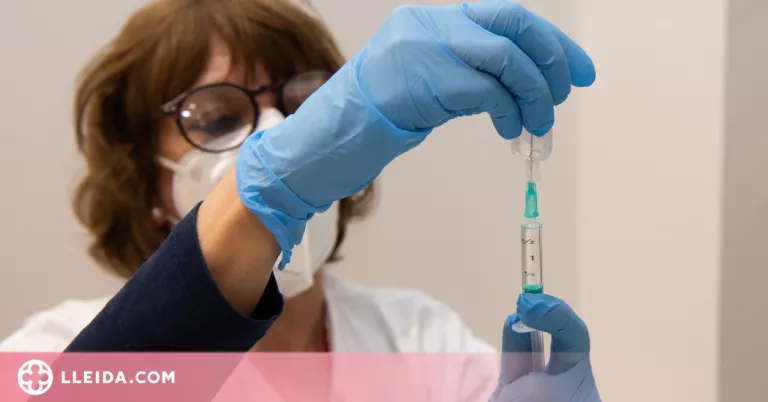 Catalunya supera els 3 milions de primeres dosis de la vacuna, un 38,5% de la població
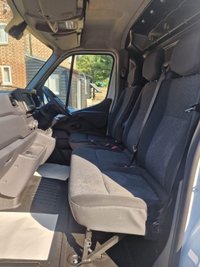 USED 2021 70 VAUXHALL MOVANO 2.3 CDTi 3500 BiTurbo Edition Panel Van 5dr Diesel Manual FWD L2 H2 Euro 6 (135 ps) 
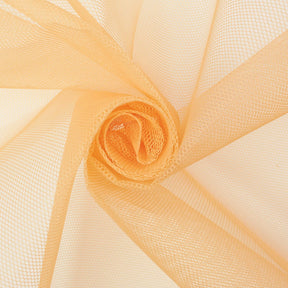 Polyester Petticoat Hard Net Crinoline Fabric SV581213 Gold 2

--

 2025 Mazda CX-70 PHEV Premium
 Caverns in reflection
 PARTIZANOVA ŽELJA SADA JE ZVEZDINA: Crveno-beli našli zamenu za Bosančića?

• [Problem description]: Among the entries above, the lines between the ones containing "Caverns in reflection" and "PARTIZANOVA ŽELJA SADA", inclusive, are to be transcribed exactly. No other line is to be given.

• [Expected output]:
 Caverns in reflection
 PARTIZANOVA ŽELJA SADA JE ZVEZDINA: Crveno-beli našli zamenu za Bosančića?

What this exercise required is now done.